CHICAGO — Some people trying to call the city’s coronavirus hotline are instead reaching Owen Worley.
And if you don’t know who Worley is, that’s understandable — he has no ties at all to the city health department or the hotline.
The city set up a coronavirus hotline at 312-746-4835 last year to answer people’s questions and provide them with resources for things like testing and quarantining. More recently, people can call the hotline to set up vaccination appointments at the United Center.
But several people calling the number Wednesday morning were instead forwarded to Worley, an East Garfield Park resident with no ties to the hotline. At least 26 people trying to call the hotline had instead been forwarded to Worley as of noon.
Worley provided screenshots of his phone’s call log showing how the calls coming to him are coming from the city’s hotline. His number does not at all resemble the hotline phone number.
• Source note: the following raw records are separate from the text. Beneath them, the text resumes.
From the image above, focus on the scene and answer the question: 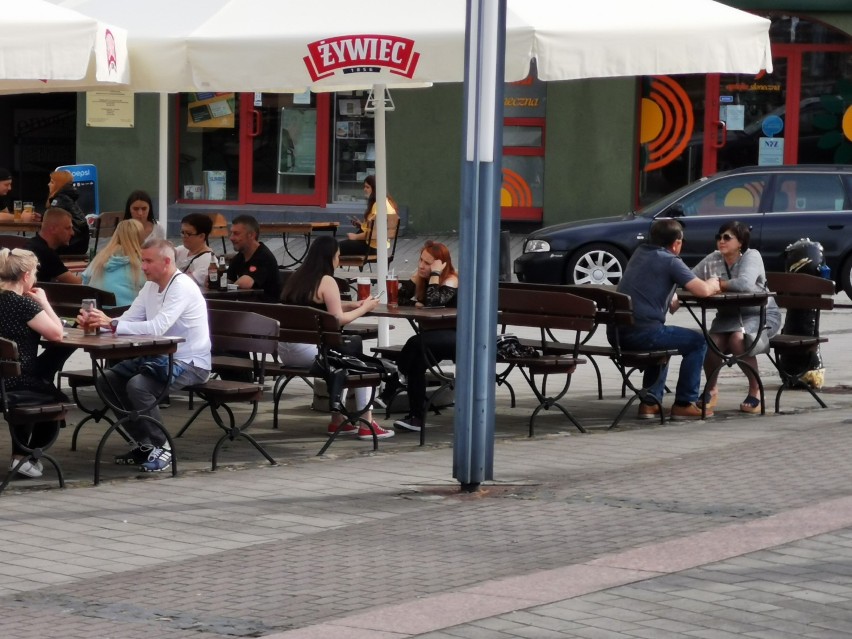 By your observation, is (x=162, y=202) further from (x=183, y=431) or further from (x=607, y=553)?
(x=607, y=553)

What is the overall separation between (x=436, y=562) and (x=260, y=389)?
2.64 m

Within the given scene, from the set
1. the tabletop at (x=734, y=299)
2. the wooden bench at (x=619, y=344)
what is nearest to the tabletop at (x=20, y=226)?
the wooden bench at (x=619, y=344)

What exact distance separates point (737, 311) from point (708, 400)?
2.09 feet

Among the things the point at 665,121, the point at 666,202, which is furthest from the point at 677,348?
the point at 665,121

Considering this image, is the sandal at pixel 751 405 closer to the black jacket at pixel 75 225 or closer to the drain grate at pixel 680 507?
the drain grate at pixel 680 507

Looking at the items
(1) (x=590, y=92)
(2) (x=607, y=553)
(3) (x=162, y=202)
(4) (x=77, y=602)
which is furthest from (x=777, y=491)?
(1) (x=590, y=92)

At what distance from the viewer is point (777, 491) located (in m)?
8.11

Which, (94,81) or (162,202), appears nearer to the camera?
(94,81)

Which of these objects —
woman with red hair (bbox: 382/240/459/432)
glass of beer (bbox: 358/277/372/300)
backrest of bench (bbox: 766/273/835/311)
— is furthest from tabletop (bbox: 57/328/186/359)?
backrest of bench (bbox: 766/273/835/311)

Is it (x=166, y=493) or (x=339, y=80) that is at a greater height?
(x=339, y=80)

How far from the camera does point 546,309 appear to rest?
10.2 m

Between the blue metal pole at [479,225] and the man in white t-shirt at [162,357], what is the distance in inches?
68.7

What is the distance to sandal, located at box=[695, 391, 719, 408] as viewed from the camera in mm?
10688

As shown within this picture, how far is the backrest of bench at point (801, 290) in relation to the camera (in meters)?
11.2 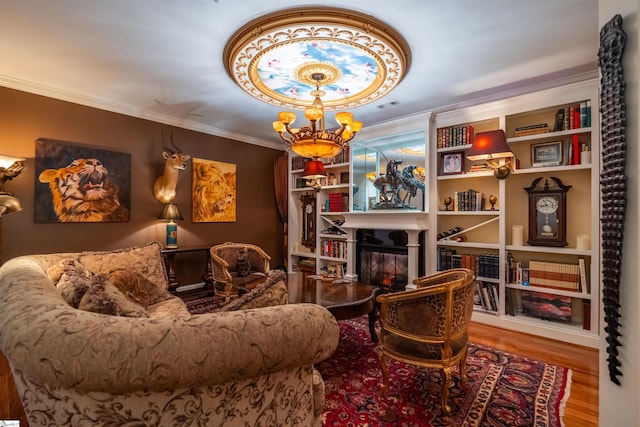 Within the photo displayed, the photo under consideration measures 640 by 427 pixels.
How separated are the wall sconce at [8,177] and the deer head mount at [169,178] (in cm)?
142

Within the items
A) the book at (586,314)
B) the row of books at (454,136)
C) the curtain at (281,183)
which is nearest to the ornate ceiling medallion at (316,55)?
the row of books at (454,136)

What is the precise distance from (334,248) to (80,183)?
3.51 metres

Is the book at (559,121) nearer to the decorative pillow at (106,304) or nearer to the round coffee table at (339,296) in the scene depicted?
the round coffee table at (339,296)

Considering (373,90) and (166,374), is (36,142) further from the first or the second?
(166,374)

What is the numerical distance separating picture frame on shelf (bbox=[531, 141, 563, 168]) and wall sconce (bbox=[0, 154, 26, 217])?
5.09 meters

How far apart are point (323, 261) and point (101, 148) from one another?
356 cm

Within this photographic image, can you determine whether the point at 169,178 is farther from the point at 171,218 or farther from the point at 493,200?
the point at 493,200

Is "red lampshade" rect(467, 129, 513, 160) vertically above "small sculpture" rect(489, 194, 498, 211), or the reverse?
"red lampshade" rect(467, 129, 513, 160)

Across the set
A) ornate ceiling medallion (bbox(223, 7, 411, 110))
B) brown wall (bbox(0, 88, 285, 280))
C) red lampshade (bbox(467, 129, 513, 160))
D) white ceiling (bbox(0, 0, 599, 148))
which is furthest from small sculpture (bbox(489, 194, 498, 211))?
brown wall (bbox(0, 88, 285, 280))

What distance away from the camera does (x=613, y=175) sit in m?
1.17

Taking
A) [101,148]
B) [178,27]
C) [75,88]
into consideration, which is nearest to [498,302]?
[178,27]

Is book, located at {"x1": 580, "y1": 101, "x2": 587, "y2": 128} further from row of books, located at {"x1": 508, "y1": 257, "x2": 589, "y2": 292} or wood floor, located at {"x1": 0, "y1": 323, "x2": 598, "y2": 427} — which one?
wood floor, located at {"x1": 0, "y1": 323, "x2": 598, "y2": 427}

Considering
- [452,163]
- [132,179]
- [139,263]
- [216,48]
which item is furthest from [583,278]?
[132,179]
And Worley’s not the only one getting the calls forwarded to him — when he called the hotline to report the issue, he was forwarded to another everyday resident who had no idea why the hotline had sent Worley to him. Worley had to explain the situation to that caller.
“Presumably those people would like to get through to the hotline, so [it’s] not great from that perspective,” Worley said. “If my experience is typical, then there could be hundreds, maybe thousands, of people getting these calls.”
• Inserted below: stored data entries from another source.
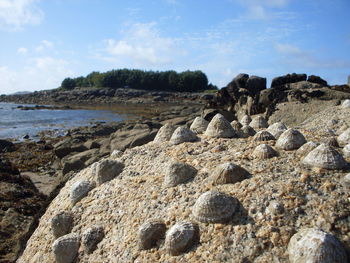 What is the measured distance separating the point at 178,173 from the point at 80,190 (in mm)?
1654

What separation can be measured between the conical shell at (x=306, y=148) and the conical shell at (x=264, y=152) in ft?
0.92

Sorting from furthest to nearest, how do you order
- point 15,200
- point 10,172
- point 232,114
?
point 232,114, point 10,172, point 15,200

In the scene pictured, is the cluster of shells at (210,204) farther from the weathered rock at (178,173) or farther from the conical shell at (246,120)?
the conical shell at (246,120)

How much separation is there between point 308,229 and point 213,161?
1653 millimetres

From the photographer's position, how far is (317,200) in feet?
10.9

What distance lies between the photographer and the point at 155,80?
3868 inches

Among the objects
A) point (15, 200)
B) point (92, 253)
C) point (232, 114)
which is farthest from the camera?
point (232, 114)

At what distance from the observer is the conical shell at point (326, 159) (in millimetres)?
3650

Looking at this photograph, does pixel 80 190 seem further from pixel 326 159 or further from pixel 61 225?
pixel 326 159

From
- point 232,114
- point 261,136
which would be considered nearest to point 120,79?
point 232,114

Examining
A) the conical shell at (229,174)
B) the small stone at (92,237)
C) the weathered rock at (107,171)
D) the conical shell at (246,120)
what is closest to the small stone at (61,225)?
the small stone at (92,237)

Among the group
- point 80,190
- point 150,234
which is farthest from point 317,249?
point 80,190

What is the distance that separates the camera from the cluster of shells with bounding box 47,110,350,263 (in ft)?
9.32

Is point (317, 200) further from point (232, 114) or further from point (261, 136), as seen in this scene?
point (232, 114)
The Health Department learned of the issue after being contacted by Block Club. Its spokespeople said they are trying to fix the issue.
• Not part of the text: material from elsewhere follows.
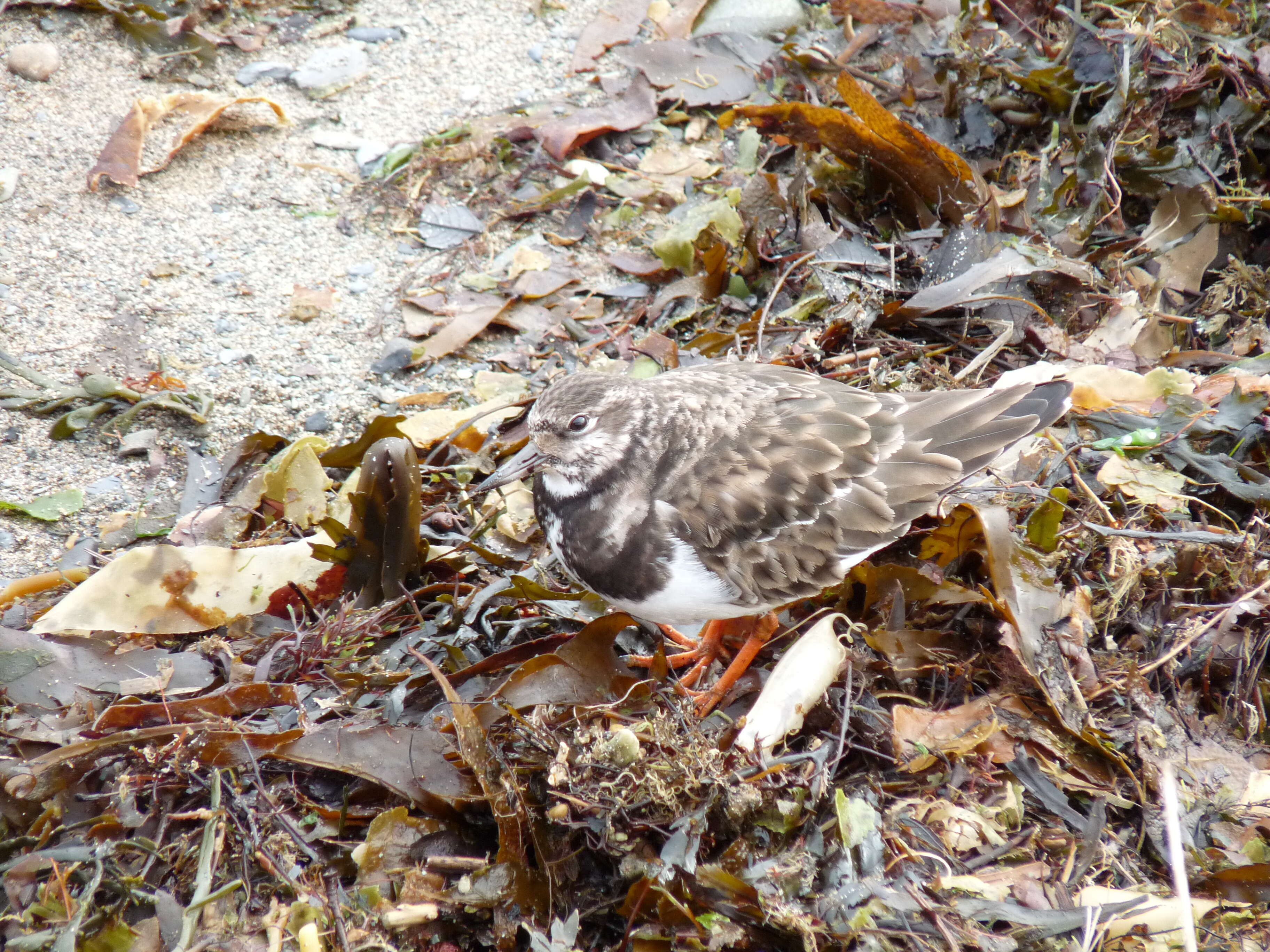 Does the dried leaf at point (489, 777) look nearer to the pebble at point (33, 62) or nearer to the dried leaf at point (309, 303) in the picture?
the dried leaf at point (309, 303)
The hotline’s call takers were not forwarding the calls, a Health Departmant spokesperson said — instead, it appears the calls were being forwarded to Worley and others before they even got to the hotline “due to a technical glitch.”
“We will continue to monitor this and hope to have it resolved shortly,” the spokesperson said. “In the meantime, we have reached out to the individual directly and apologized for any inconvenience this has caused him.”
Worley got the first calls early Wednesday and ignored them at first because, as he said, most calls are scams. At some point, he picked up and spoke to a person, but he assumed the person who asked him for information was participating in an “odd scam.”
“But then I got a few more, and after getting a few of them and them clearly being different people, my next thought was maybe my number was fairly close to the COVID hotline,” Worley said.
But Worley’s number does not at all resemble the hotline phone number, and he realized the callers were being forwarded to him from the hotline itself.
Worley called the city’s hotline — but got forwarded himself to a young person who doesn’t work at the hotline and who was also “pretty confused” about the call, he said.
Worley had to put his phone on Do Not Disturb mode. At least 26 calls had come in before then.
“It’s been fine for me,” Worley said. “I’m sure for the people calling it’s not so great. … It was interesting enough to notice this was happening, and that made up for any inconvenience on my part.”
At the beginning of the vaccination effort, many Chicagoans expressed frustration over not being able to find a vaccination appointment due to the low supply of doses.
But even though more doses are now coming to the city, confusion and frustration have grown. Dozens of people have contacted Block Club with questions about who is eligible, how they can get vaccinated or when they’ll be able to sign up for a vaccine appointment. The city and state have different vaccine eligibility rules, adding to the confusion.
Officials hoped the mass vaccination site at the United Center, which opened Tuesday, would ease some people’s concerns. But eligibility requirements for that site were changed at the last minute Sunday, and technical glitches irritated many people as they tried to make appointments online over the weekend. Officials have also given different answers when asked how many people have been able to sign up at the United Center and how many doses will be administered there.
More than 655,000 doses of vaccine have been administered to Chicagoans.